So here it goes. Today I will put my full name on the mailbox. I promise. Trust me.

Thursday, February 7, 2013

Becoming Beth


We all know them, the “IT” girls. Usually, in North America anyway, they are named Ashley or Shawna, or maybe Shannon, depending on how old you are and who happened to be in your class the year you started noticing them, and henceforth started feeling like crap about yourself. You might even BE Ashley, Shawna or Shannon, and if that’s the case, you’ll probably want to stop reading right now cause you won’t get a word of what I am about to say. You most likely have a golf game, hair appointment or meeting with the partners to get to, anyway.

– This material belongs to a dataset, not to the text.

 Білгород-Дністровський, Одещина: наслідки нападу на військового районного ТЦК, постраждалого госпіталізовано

 In my case her name was Beth Johnson, and despite our shared moniker, I can assure you we had very little else in common. I first “met” her at tennis camp, which should tell you about all you need to know. She was cute and blonde and ponytailed and sporty and consistently clad in the newest Ralph Lauren attire. In short, all the things the 12 year old me desperately wanted to be, and maybe my parents hoped I would become by sending me to said tennis camp. But since my mother insisted that dying my hair at that age would make me look like a “mini-hooker” I was stuck with polyester polo shirts from a place called Bargain Harald’s, mousy, permed brown hair and the tennis skills of a visually impaired sloth. No chance the likes of Beth Johnson were talking to me.

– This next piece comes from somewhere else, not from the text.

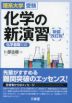 理系大学受験 化学の新演習 新装改訂版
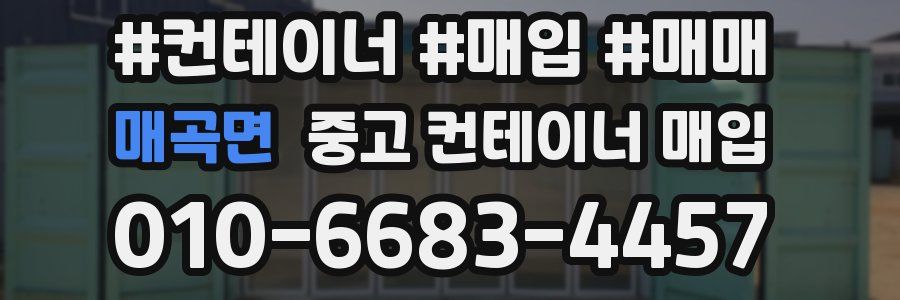 매곡면 중고 컨테이너 매입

Since that day, I have been consistently aware of these women around me. I have tried to emulate them in Rome (disastrous sweater tying incident), London, (unfortunate high heel/cobblestone street episode) and the French Riviera (ridiculous nude beach fiasco, don’t ask). So far I have failed miserably at becoming these bastions of feminine style, grace and sophistication. For many years, about the best I could hope for was not to have them point at my Asda/Walmart jeans, scream and have me forcibly removed from their sight by their football playing boyfriend, Chad. Eventually I accepted the sad fact that I was never going to be one of those women who could master the perfect ponytail. Comfort would never be on my side, I was going to have to make an effort. And it was probably going to hurt.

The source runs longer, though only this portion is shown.